6. Liam was the best frontman since Robert Plant.
Just as Plant defined the golden god 1970s rock frontman, Liam re-invented the persona for a post-hard-rock audience in the 1990s.
Parkas, Beatles specs, and standing stock still in a crouch while wailing upward into a raised mic, Liam was a pillar of ‘tude amid the swirl of sound that Noel was helming.
Plenty of people thought Plant was absurd. Plenty of people thought Liam was silly. Who cares? They did their thing in front of thousands and showed nary a doubt, ever.
Some dudes are just born with confidence.
7. Liam is the greatest rock tambourine player who has ever lived.
In Zep, Plant would periodically whack a tambourine to stay busy while Jimmy Page soloed for 20 minutes, but Liam took the instrument and (like so many things) made it into a style statement as well as an implement of excitement.
There have been some impressive harmonica players over the years, but in rock, it’s usually the guitar players and drummers, and very infrequently the bassists (the Red Hot Chili Peppers’ Flea leaps to mind), who have commanded the instrumental attention.
I always figured he got the idea from Ian Brown, the frontman of the seminal Manchester band The Stone Roses, who often sported a pair of jingle sticks, but I’ve got no evidence to back up my claims.
Liam, front and center, used the tambourine like an orchestra conductor’s baton. To great effect.

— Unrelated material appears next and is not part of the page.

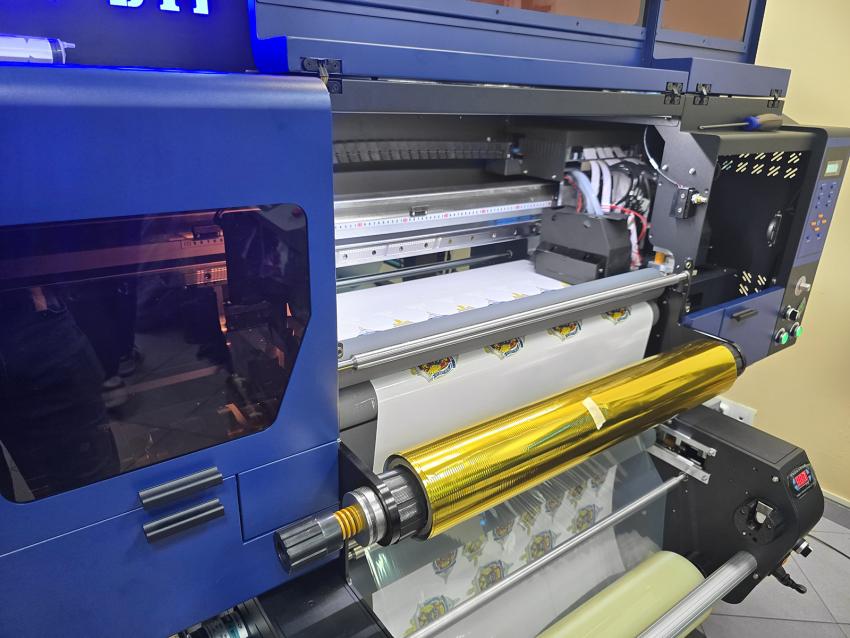 UV DTF-принтер ARK-JET в РПК «Фабрика Печати» из Воронежа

8. They wrote an anthem-of-anthems.
“Don’t Look Back in Anger” is their most beloved song and has become something of an anthem for Manchester. Interestingly, it also marks a break in the band’s extremely complicated fraternal dynamic, as it was the point at which Noel starting singing, too.
The song was released in 1996 on Oasis’ monumental “(What’s the Story) Morning Glory” album, and over the course of several decades, it’s jousted with “Wonderwall” and “Champagne Supernova” (both of which appeared on the same LP) for dominance in the group’s catalog.

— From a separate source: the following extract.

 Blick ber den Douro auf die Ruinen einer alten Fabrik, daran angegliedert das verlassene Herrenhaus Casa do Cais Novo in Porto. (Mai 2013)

It’s just one of THOSE songs.
9. New generations are completely fascinated by their act.
With a few exceptions, the idea of being in a gigantic rock band isn’t an ambition that the majority of young musicians angle for these days. That’s understandable, given that the last thing most labels want to do is send five youths and all their gear on tour for a year or more.
Oasis remains the Last Big Band, and there might not ever be another one. As I learned at a recent Fender guitar panel on the future of music, we now live in the era of the streamed playlist. Oasis certainly wound up on plenty of pre-streaming playlists, but the band’s impact would have been impossible without the album format and widespread radio play.

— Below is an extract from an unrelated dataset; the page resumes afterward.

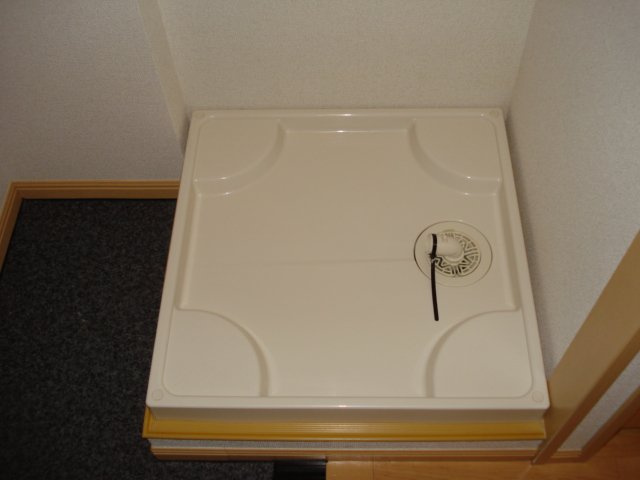 コンフォース長等のその他|洗濯機置場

Zep’s legend was bases on their gigantic records, bootlegs of their live shows, and the fact that they were the first true mega-group. Oasis upped that by being the big band of the late television age, before the internet changed everything. The sheer scale of what they hoped to achieve — and actually did achieve — makes them a source of endless fascination.
10. They looked cool as f–k.
And they actually look cooler as f–k now that they’ve aged and taken on some chic elderly edge. To both Noel and Liam’s credit, they’re also stuck with their style over the decades.
It wasn’t just the Gallagher Bros. Bonehead and Guigsy also looked cool, in their way, and the band’s late-career art direction was typically superb.
And yes, you could argue that the lineup changes and intra-band feuds mean that Oasis can’t match Zep and its unchanging decade-long lineup. You could also argue that the Zep-Oasis succession is pointless, because Zep was always huge in the US while Oasis was huge in the UK.
But then again, Zep also tended to look pretty cool — Who can forget Jimmy Page’s black dragon suit? Where Oasis really nails this one is in looking cool ALL THE TIME. Even now at age 45, Liam is never spotted out of character.